I’ve been pretty slack on blogging lately. I think that the heat + pregnancy has finally gotten to me. From around 3:30/4p – 7p, our apartment gets loads of sun. While great in terms of views, the heat pouring in through the windows saps my energy. We escape almost as soon as Joe wakes from his afternoon nap, but I have to be back in here around 5:30p to get dinner going. Come 7pm, all I feel like doing is propping my feet up on the couch and enjoying a popsicle with a bag of frozen peas on my tummy. Thankfully, autumn and winter aren’t far off. I know that summer is a wonderful thing and I usually enjoy it as much as possible, but I’m ready for someone to turn down the thermostat just a bit.
Also adding to the energy depletion: potty training!
It’s gone pretty well, truth be told. We started last Monday and Joe hasn’t had an accident in the apartment for last 4 days, perhaps more. It was just those first few days that was a bit wearying – so many accidents to clean up from the carpet. I’ll write about that more on another day. The biggest benefit to all of this? Having a momentary break from washing cloth nappies.
I was going to post some photos, but it appears that Picasa is mid-update and won’t allow me to open or edit anything, so that will also have to be saved for another post.
In other news, I went to a breastfeeding class this morning. I went to the same class while pregnant with Joe and found it helpful but, looking back, I think that I was a little cocky about breastfeeding and figured that it would come naturally. I decided that I could use a refresher to help me prepare for baby #2’s arrival. Those first 6 weeks of nursing Joe were really tough. I found myself putting my foot in my mouth (figuratively speaking) time and again for all the moments where I mentally shook my head and wondered why so many women didn’t breastfeed. Just to be clear – I wasn’t in constant pain for 6 weeks, but for the first 5 – 10 seconds after latching, the pain was so intense that I would see stars. It’s the closest I’ve ever come to having an anxiety attack, being up and feeling all alone in the middle of the night with a crying baby, knowing that he was hungry and that I needed to nurse him, but dreading the pain. I did a lot of praying during those first few weeks and, I confess, some swearing I pushed through it and once the 6 week mark rolled around, things got much easier, but I would really, really like to avoid a repeat of that experience.

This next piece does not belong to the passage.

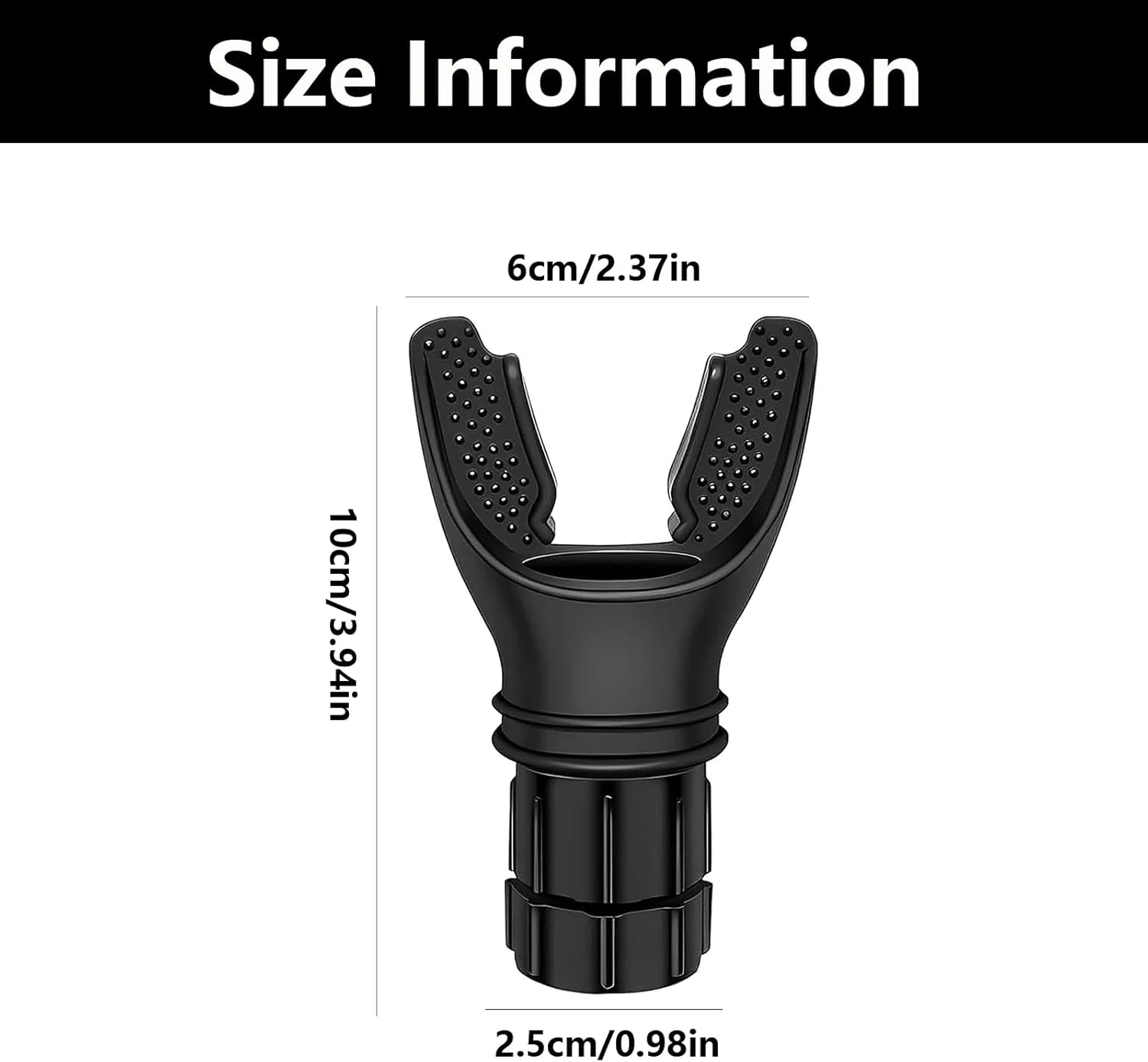 تمرین دهنده ریه، تقویت کننده تنفس، تمرین کننده ریه، دستگاه تمرین تنفس عمیق، تمرین کننده تنفس قابل حمل، برای تمرین روزانه تناسب اندام، تمیز کردن آسان (مشکی)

I talked with the teacher about it and she asked a few questions, then told me what had probably gone wrong. Hearing that something had gone wrong was actually reassuring, not discouraging. Whenever I nursed around my midwife or her fill-in, both said that I was doing everything right. In today’s class, the lactation consultant said, “And I bet your midwife said that you were doing everything correctly, right?” Yep, she did, even though apparently I wasn’t. This time around, I’m going to call the teacher/lactation consultant after delivery. She makes free visits in-house and then will also do a free consultation during the first 28 days with a midwife referral. Why I didn’t take advantage of that last time, I don’t know. She said to me, “If you were in pain like that for 6 weeks with anything else, wouldn’t you go see a doctor?” Probably. But apparently we mothers think we must handle breastfeeding all by ourselves and tough it out on our own. At least, that’s what I thought.
That’s really all the big news that’s going on around here these days. My life is pretty routine and I’m happy with that. Lots of spending time with Joe, laundry, cooking… yes, I realize that I just said that I was happy about doing laundry. I guess what I mean is that I’m enjoying how normal things feel, how we’re not (yet) traveling across the globe somewhere, and relaxing in the familiarity of being surrounded by our own things rather than in a house-sit or furnished apartment. It’s nice.